I wanted to be an artist as long as I can remember, but when I attended college I was faced with the age-old question every artist has to resolve. How am I going to earn a living? The idea of being a “starving artist” certainly didn’t appeal to me, and I didn’t see myself spending my life in a classroom teaching art. My solution, major in photography and apprentice myself to a local commercial photographer.
After 40 years of being steeped in the hyper-realistic world of commercial photography, creating ads and producing product catalogs, I now find it difficult to shift gears and create art that is painterly. I often start with the goal of making my paintings more expressive, even impressionistic, but as my art develops I keep adding more detail. Before I know it realism takes over.
For years I’ve painted with soft pastels, and to this day I’m drawn to the tactile pleasure of scumbling a pastel across paper. Not only does it look good, it feels good. At some point I wanted to create the illusion of “it’s snowing” in a painting and in the process came across a little known technique called dusting. It is a method of crumbling pastels particles onto a painting then pressing them in place. The technique can only be described as serendipitous. You never know what you will get. For a period it became an excellent technique for me to balance my realistic side and be more painterly and expressive.
About three years ago I felt I wanted to make a change in my approach to art. Despite being the president of a St. Louis pastel group (Gateway Pastel Artists) I decided to quit pastels “cold turkey” and devote one year to teach myself how to paint with oils and acrylics. The year has stretched into three and I love what I’m doing. The only downside is that the realistic side of my brain wins out more often over my urge to be painterly.

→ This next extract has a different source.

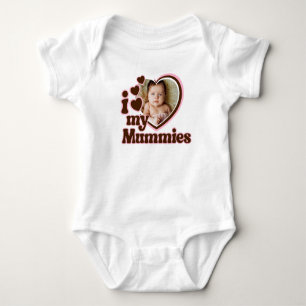 Body J'aime mes mamans rose Brown photo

One of the things I loved best as a professional photographer was variety in my work. No two assignments were alike. Every project would have its own creative and technical issues and special needs. As soon as I completed one assignment, I was faced with new challenges on the next project. I’m addicted to variety and it has carried through to my art. Consequently, the subject matter of my art is all over the place. I like to paint still-lifes, landscapes, people and recently, my focus has shifted to cityscapes, nocturnes and dramatic weather situations.
Living in St. Louis, I have a unique opportunity. We are the city with the Great Big Arch (officially it is called the Jefferson National Expansion Memorial National Park). It is a timeless sculpture (designed by architect Eero Saarinen over 60 years ago) on a gigantic scale with the mighty Mississippi River as its reflecting pool. The Arch has a strong influence on my photography, and it will be a major subject in my future paintings. Right now Realism is the stronger influence, but time will tell.